Intercompany Automation and ERP Functionality

Many organizations have realized the efficiencies that can be made through centralizing production, support, sales and distribution. This gives rise to the need to sell into multiple countries, and thus multiple tax authorities, from centralized locations.

In many organizations where centralization is inappropriate, intercompany activity arises on a small scale and does not raise a significant problem. However in organizations that can fully embrace centralization, the need for intercompany activity can escalate to involve almost every trade sale made by the company.

It is this escalation in scale that puts the need for the automation of intercompany activity center stage for many organizations.

Traditionally, functionality for intercompany activity is provided piece meal, and works in different ways in different areas of the ERP solution. In general the functionality is designed to address low volume activity, and becomes unwieldy when applied to high volume applications.

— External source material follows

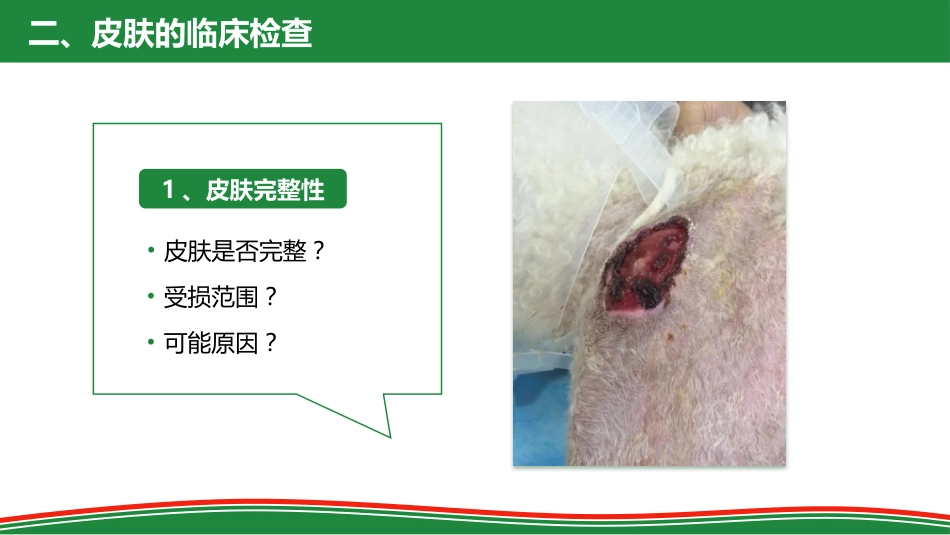 被毛和皮肤的检查_第11页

The need for intercompany activity is driven by the desire to centralize, whilst meeting regional tax compliance. The challenge is that tax legislation is different around the world, and changes frequently. Consequently business methods deployed to maximize efficiency in both operational and tax efficiencies, necessitates that software solutions must be flexible and easily adapted to changing circumstances.

The challenge is that the solution to intercompany activity cannot be predefined in the software. The functionality needs to be defined by configurations that can be monitored and adapted easily by the business community. Creating the flexibility needed to meet current and future intercompany requirements.